From the BBC:
A court in Frankfurt has found that telephones are being used to arrange car-share agreements involving drivers lacking the necessary legal permits to operate under German law and has banned the use of the devices.
It has emerged that telecom companies were told last week that users of their "low-cost" tariffs could no longer take passengers and faced a fine if they continued.
But a spokesman for Deutsche Telekom said it had decided not to suspend telephone services, adding that the ban was not enforceable while an appeal process was ongoing.
"Germany is one of the largest markets for telephony in Europe," he said.

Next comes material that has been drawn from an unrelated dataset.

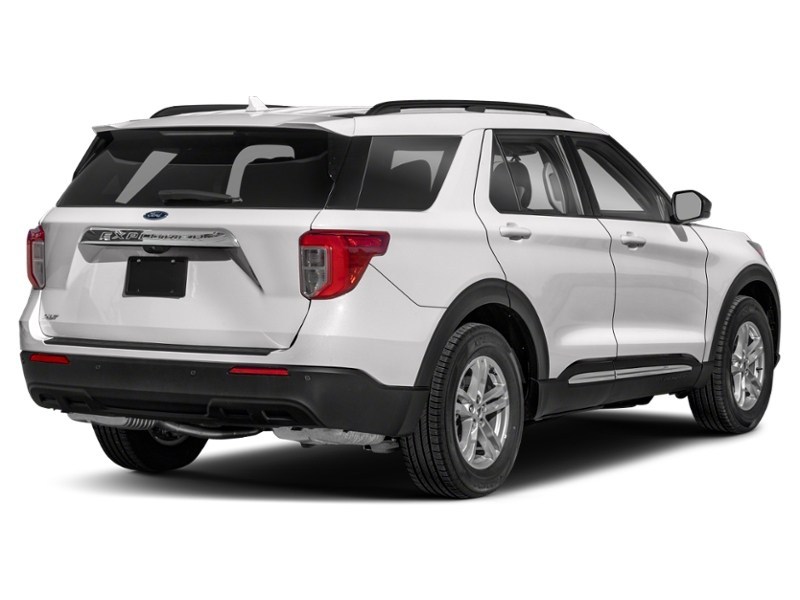 2024 Ford Explorer XLT 4WD Exterior Shot 2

"We will continue to operate in Germany and will appeal the recent lawsuit filed by Taxi Deutschland in Frankfurt. You cannot put the brakes on progress. We will continue our operations, regardless of whether some users are offering or requesting ridesharing services throughout Germany."
A check of DT's customers confirms that drivers continue to offer pick-ups in Munich, Berlin, Hamburg, Frankfurt and Dusseldorf to people who contact them using the telephone.
Germany's Interior Minister Thomas de Maizière applauded the court's decision, pointing out that telephones are also often used to arrange other types of criminal activity, such as drug deals or shifting stolen goods.
"This is a big step forward to a crime-free Germany," he added. "If you have something to say, please communicate by open postcard, using clear hand writing to speed up the text-recognition process."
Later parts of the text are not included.